_Instructions to follow:_ Your answer must match, word for word, the lines from the one holding "169, Piacenza - photo 7" through the final line below, with pictures excluded.

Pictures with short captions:
===============
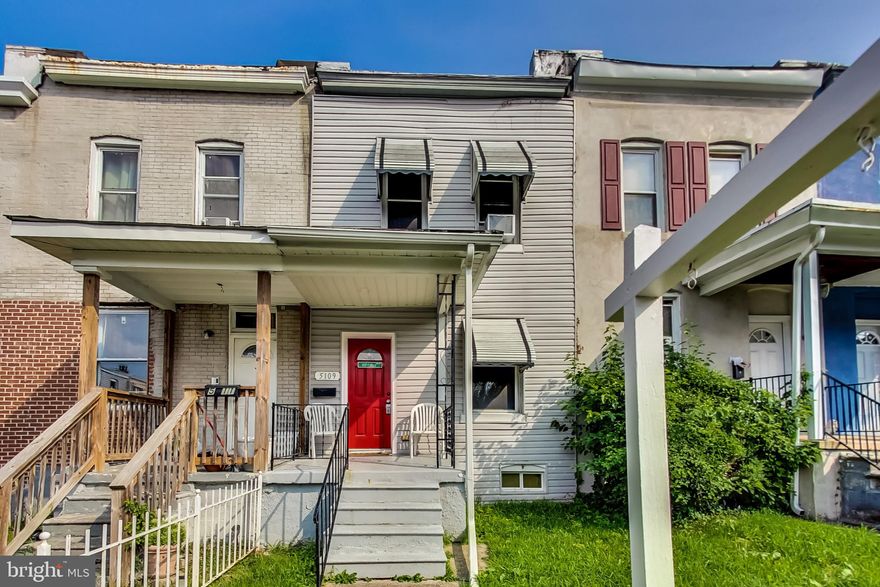 Ready To Take Advantage Of This Great Opportunity For A First Time Home Buyer Or Investor. This Cute Two Bedroom With Great Spacing For A Interior Townhome Is In Fabulous Condition And Priced To Sell, No Heavy Lifting Required,  We Are Move In Ready  For The Right Buyer. Come Take A Look.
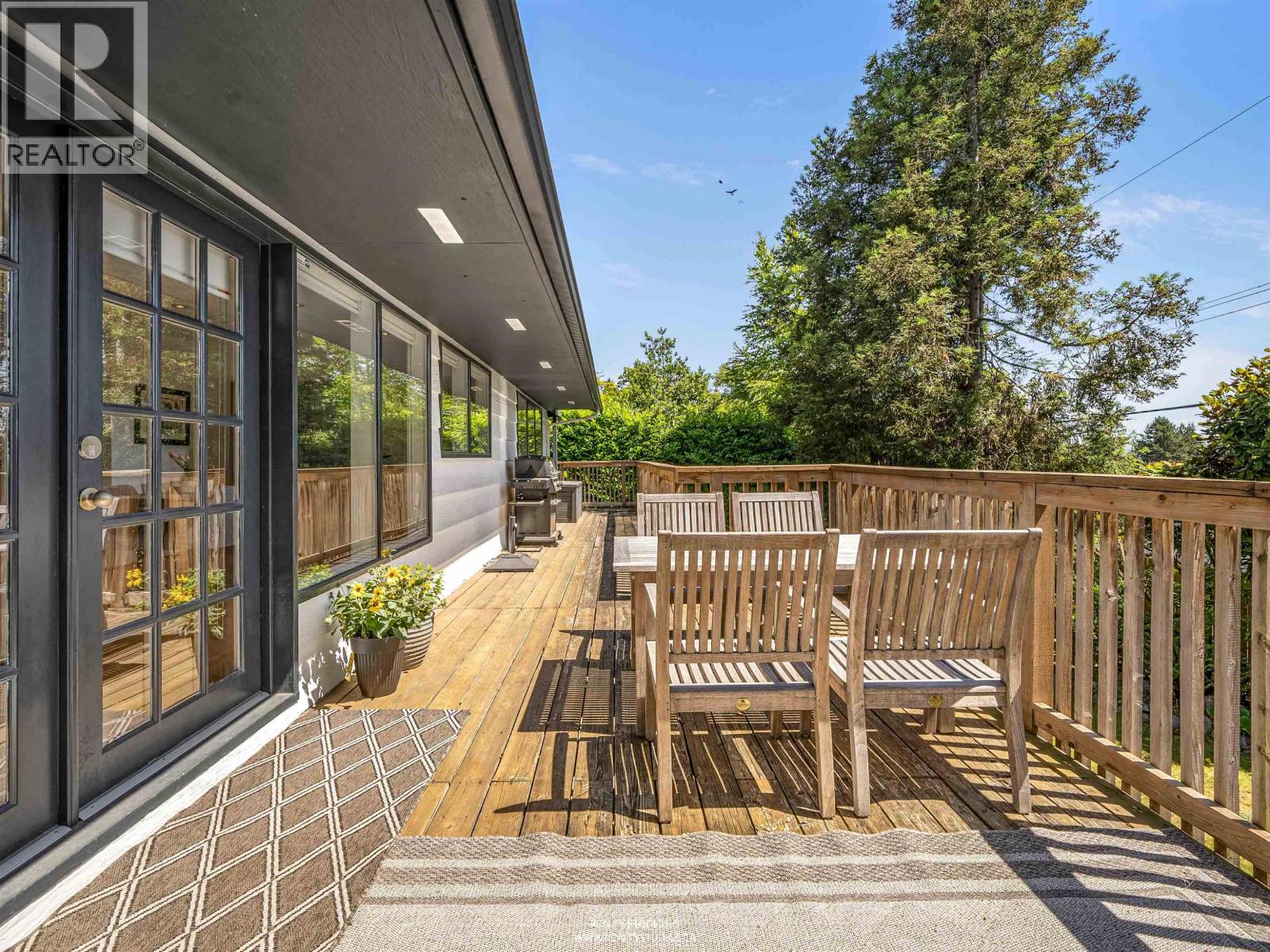 947 EVERGREEN PLACE, North Vancouver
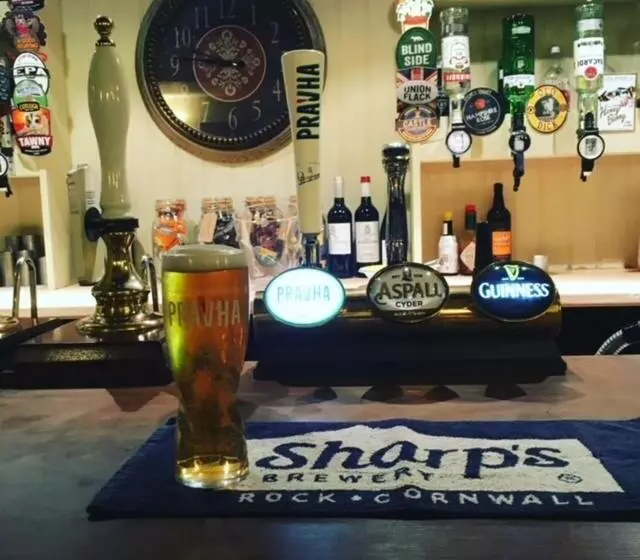 ユースホステル The Cricketers Arms
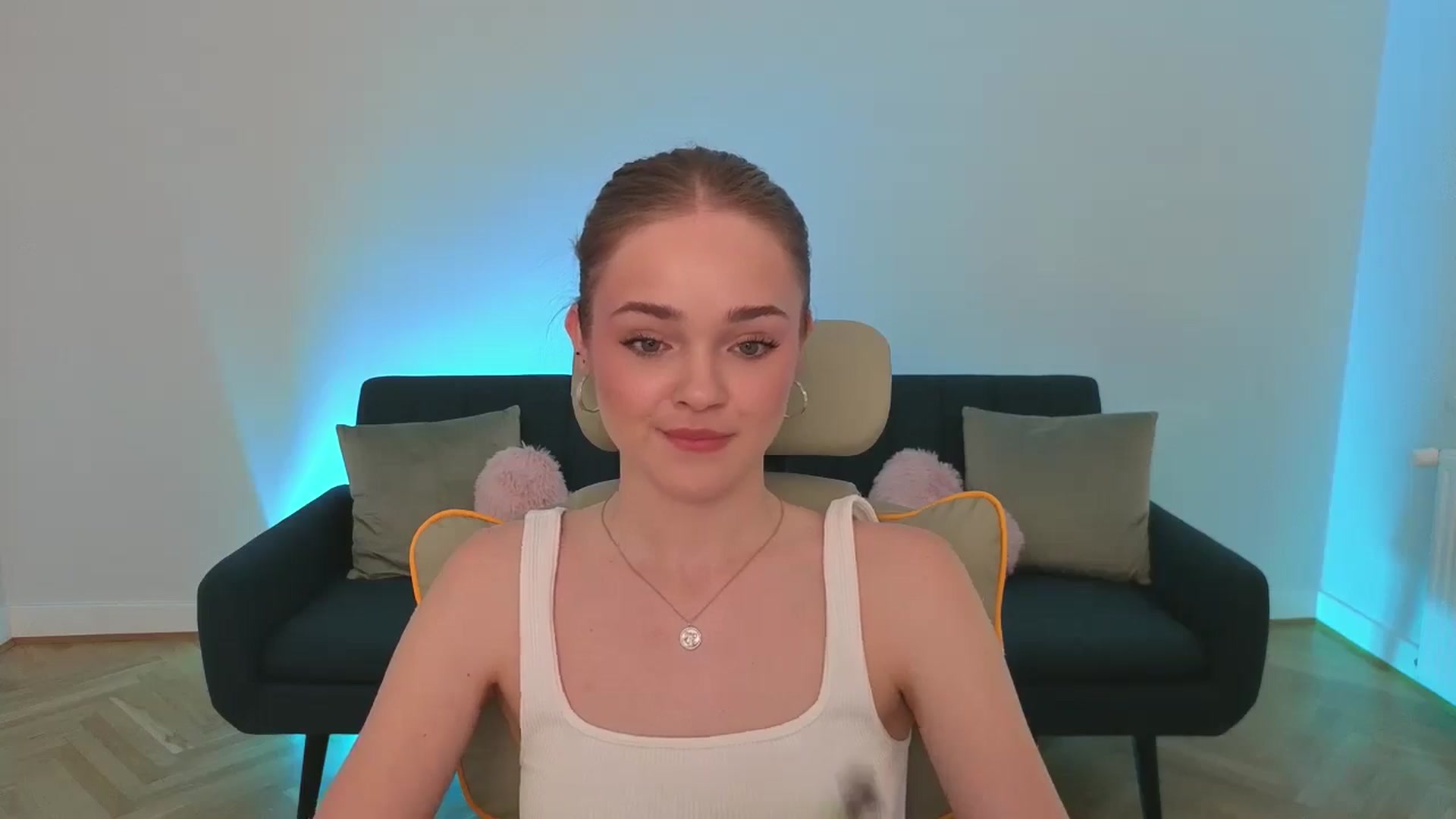 Gallery image thumbnail from KittyPaw's myfreecams stream on, 06/25/2025, 16:02 image 18 of 20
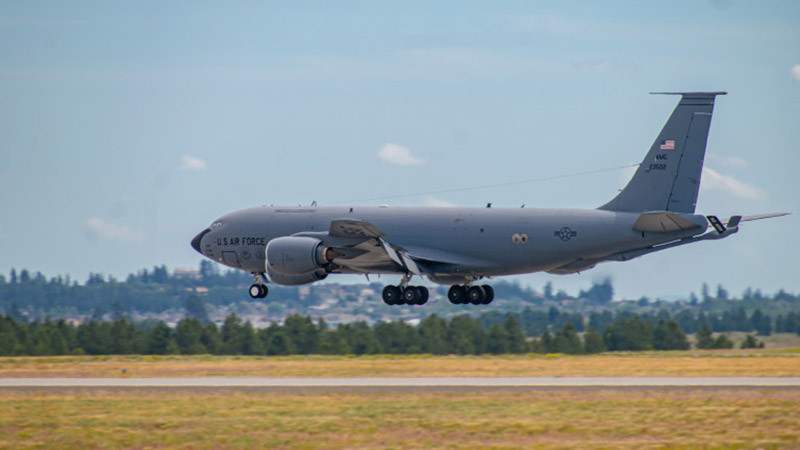 Пътнически и военен самолет на косъм от сблъсък край Венецуела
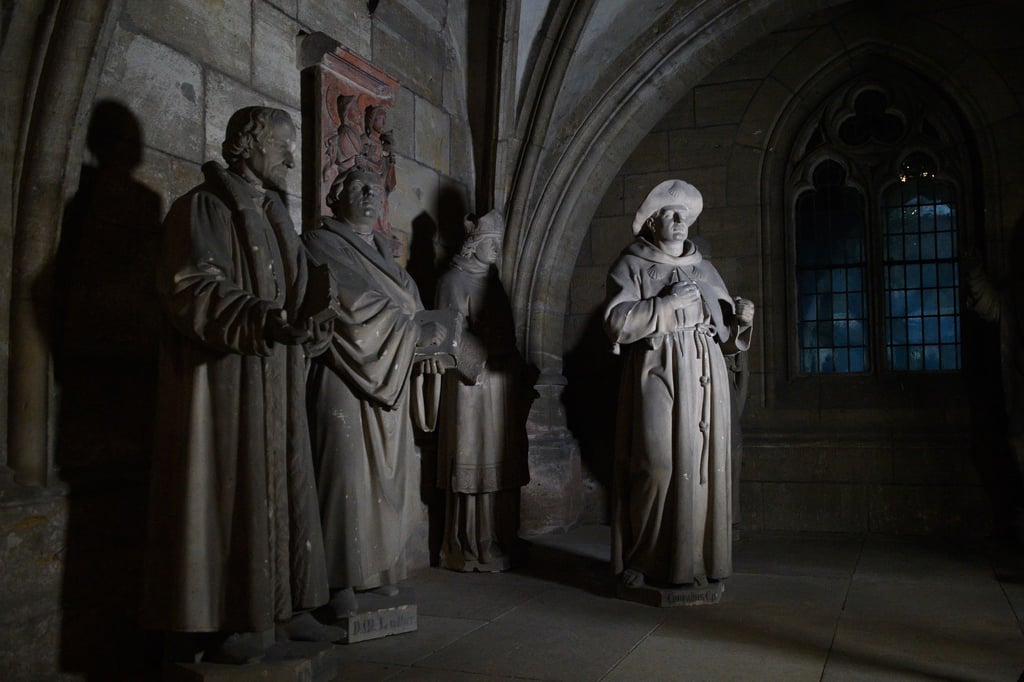 Die Skulpturen stehen im Halberstädter Dom unter der Südempore.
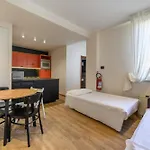 Crosti Apartments
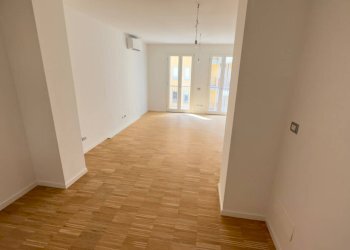 Foto 7 - Office Corso Vittorio Emanuele II
 
169, Piacenza - photo 7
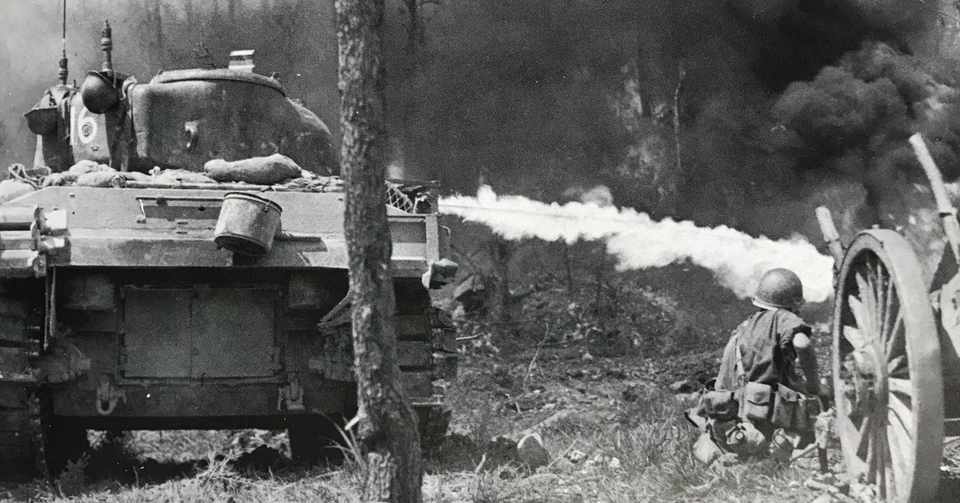 沖縄戦 １９４５年４月１９日 米軍が攻勢を再開し牧港 伊祖ラインを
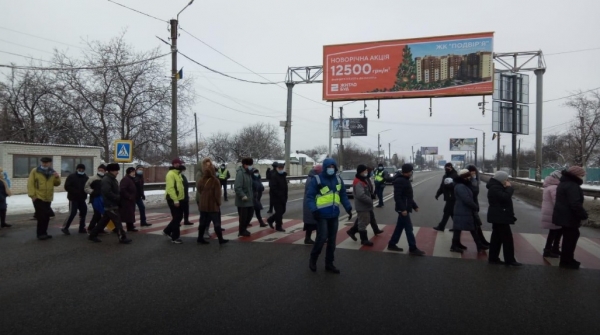 Тарифный бунт: в Житомире протестующие штурмом взяли здание облсовета
Тарифный бунт: в Житомире протестующие штурмом взяли здание облсовета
===============
_Task response:_
169, Piacenza - photo 7
 沖縄戦 １９４５年４月１９日 米軍が攻勢を再開し牧港 伊祖ラインを
 Тарифный бунт: в Житомире протестующие штурмом взяли здание облсовета
Тарифный бунт: в Житомире протестующие штурмом взяли здание облсовета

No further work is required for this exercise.